# Hayatımın aşkı



## brujita292929

hola!! me gustaría conocer el significado de la siguiente frase: "*hayatimin aski"*  " estoy casi segura de que es turco pero he estado buscando en internet y no encuentro la traducción ni en español ni en inglés... espero que alguien me pueda ayudar.
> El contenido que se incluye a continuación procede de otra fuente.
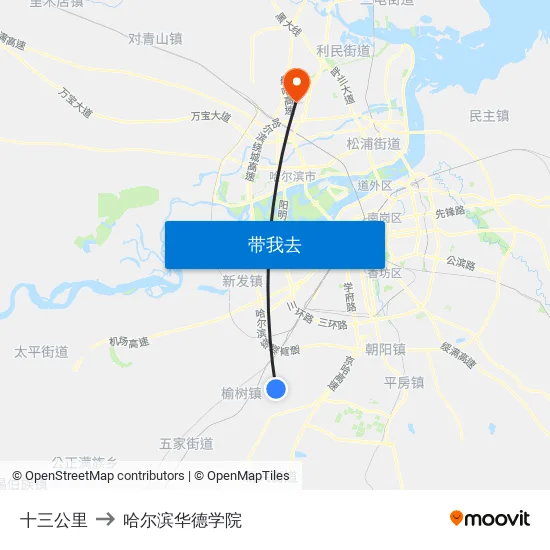 十三公里 to 哈尔滨华德学院 map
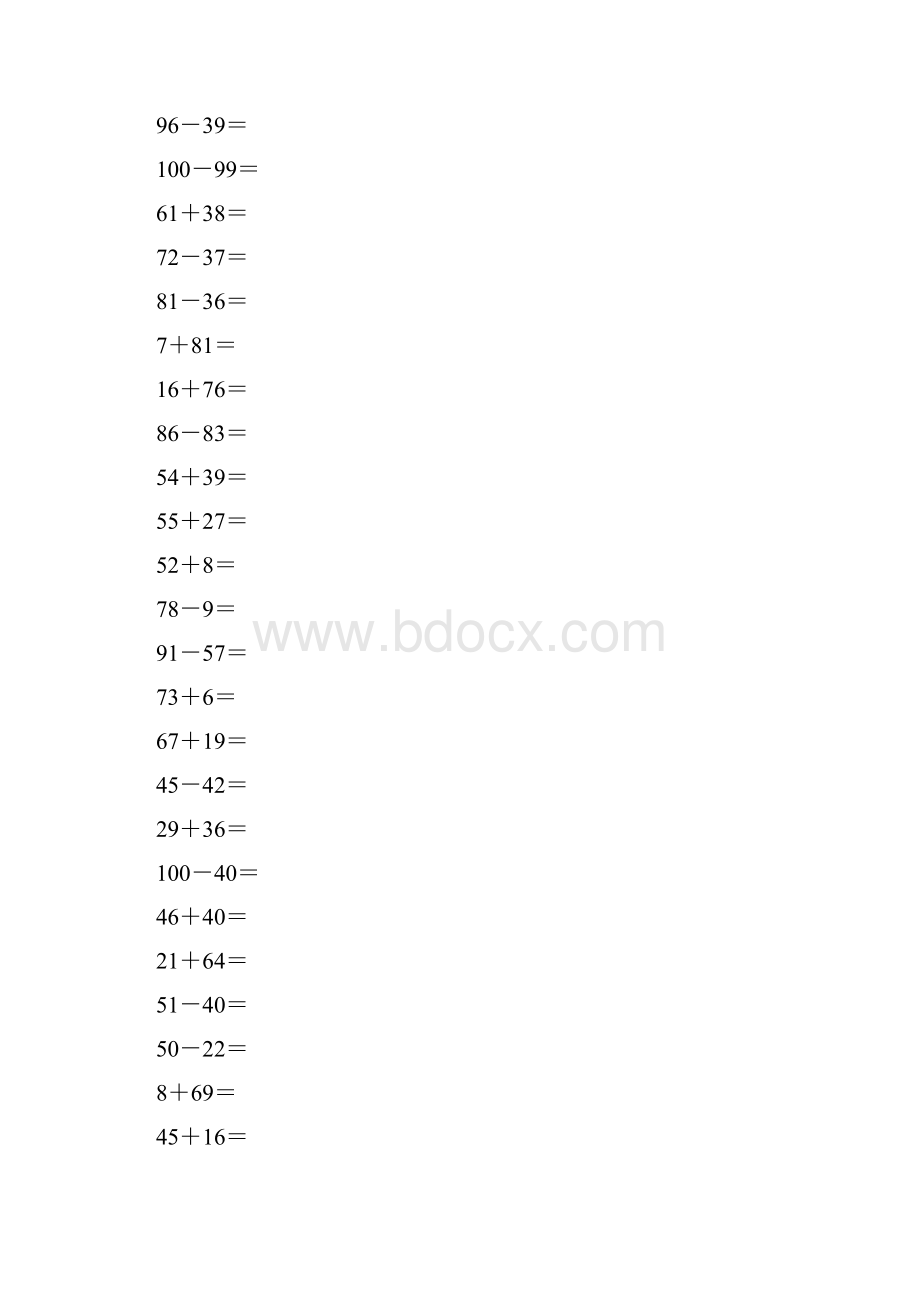 100以内加减法竖式计算同名5971.docx_第2页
Gracias...

hi everybody i'd like to know the meaning of "*hayatimin aski"* (turkish). i've been looking for the translation but i haven't found anything yet... hope someone could help me!! thanks!!


----------



## Iararo

Es todo lo que encontré; la verdad que no tengo ni idea qué quiere decir.

*hayat* 
n. life, lifetime, living, vita, existence, experience, heart's blood, race
*askı* 
n. hanger, clothes hanger, suspender, rack


----------



## avok

Hi,

"Hayatımın aşkı" means "love of my life" (amor de mi vida)

By the way, it is "aşkı" not askı


----------



## ameana7

La diferencia entre s y ş es tan importante que causa algo tan comico 

"Aşk" es amor, el "ı" en "aşk-ı" significa "de" en español, pero "askı" es otra palabra


----------



## orhan

ameana7 said:


> La diferencia entre s y ş es tan importante que causa algo tan comico
> 
> "Aşk" es amor, el "ı" en "aşk-ı" significa "de" en español, pero "askı" es otra palabra


 
Askı et aşkı sont deux mots différents:
askı> patère, bretelle
aşkı>son amour, amour en accusatif


----------



## brujita292929

Mil gracias a a todos!!.. sabía que la forma correcta de escribirlo era esta: "aşkı"  solo que no encontré como poner este caracter ş...      una duda.. Si es TURCO???


----------



## ameana7

No tengas mas dudas, es Turco, Brujita


----------



## brujita292929

Gracias!!! =)


----------